العربية

Comprehensive Surgical Management of Anterior Shoulder Instability

13 Apr 2026 16 min read 0 Views

Key Takeaway

Examination under anesthesia and diagnostic arthroscopy are critical for evaluating anterior shoulder instability. Surgical management requires a tailored approach based on the Instability Severity Index Score (ISIS) and precise anatomical reconstruction. The modified Bankart procedure, utilizing a subscapularis split, provides excellent exposure while protecting the axillary nerve, ensuring optimal capsulolabral repair and restoration of glenohumeral stability.
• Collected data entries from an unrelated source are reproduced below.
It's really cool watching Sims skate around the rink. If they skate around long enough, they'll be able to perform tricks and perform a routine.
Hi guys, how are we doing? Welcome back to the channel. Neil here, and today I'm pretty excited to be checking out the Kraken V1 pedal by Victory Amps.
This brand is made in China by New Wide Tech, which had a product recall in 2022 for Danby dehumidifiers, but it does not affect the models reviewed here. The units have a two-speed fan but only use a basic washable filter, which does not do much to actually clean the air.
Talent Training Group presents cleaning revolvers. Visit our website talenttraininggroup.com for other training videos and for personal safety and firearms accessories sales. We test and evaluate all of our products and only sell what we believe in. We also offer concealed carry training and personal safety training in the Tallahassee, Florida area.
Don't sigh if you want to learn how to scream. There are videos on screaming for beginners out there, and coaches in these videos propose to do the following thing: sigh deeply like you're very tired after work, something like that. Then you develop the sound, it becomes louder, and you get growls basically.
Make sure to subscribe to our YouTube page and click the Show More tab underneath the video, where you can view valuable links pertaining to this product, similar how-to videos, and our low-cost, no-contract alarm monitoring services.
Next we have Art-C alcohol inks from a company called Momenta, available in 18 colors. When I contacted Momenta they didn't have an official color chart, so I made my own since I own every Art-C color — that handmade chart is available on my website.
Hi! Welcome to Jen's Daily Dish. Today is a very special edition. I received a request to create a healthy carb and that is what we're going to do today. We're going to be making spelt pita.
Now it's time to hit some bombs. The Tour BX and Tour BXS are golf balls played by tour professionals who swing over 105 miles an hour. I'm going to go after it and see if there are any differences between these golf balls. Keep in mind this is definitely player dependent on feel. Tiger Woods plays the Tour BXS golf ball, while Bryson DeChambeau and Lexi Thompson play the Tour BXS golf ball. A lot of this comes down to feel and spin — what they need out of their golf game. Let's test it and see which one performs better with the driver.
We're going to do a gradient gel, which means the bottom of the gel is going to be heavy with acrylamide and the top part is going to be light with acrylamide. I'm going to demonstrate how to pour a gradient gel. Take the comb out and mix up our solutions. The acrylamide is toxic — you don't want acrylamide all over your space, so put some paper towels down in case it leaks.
EXAMINATION USING ANESTHETIC AND ARTHROSCOPY

The evaluation of the unstable shoulder is a complex diagnostic challenge that requires a meticulous synthesis of clinical history, physical examination, and advanced imaging. However, the true extent of capsuloligamentous laxity is often masked by involuntary muscle guarding in the awake patient. Examination under anesthesia (EUA) combined with diagnostic arthroscopy remains the gold standard for confirming the clinical diagnosis and uncovering unsuspected planes of instability, particularly in patients with multidirectional instability patterns.

Biomechanics of Examination Under Anesthesia

During EUA, the elimination of dynamic muscular stabilizers allows the surgeon to isolate and assess the static restraints of the glenohumeral joint.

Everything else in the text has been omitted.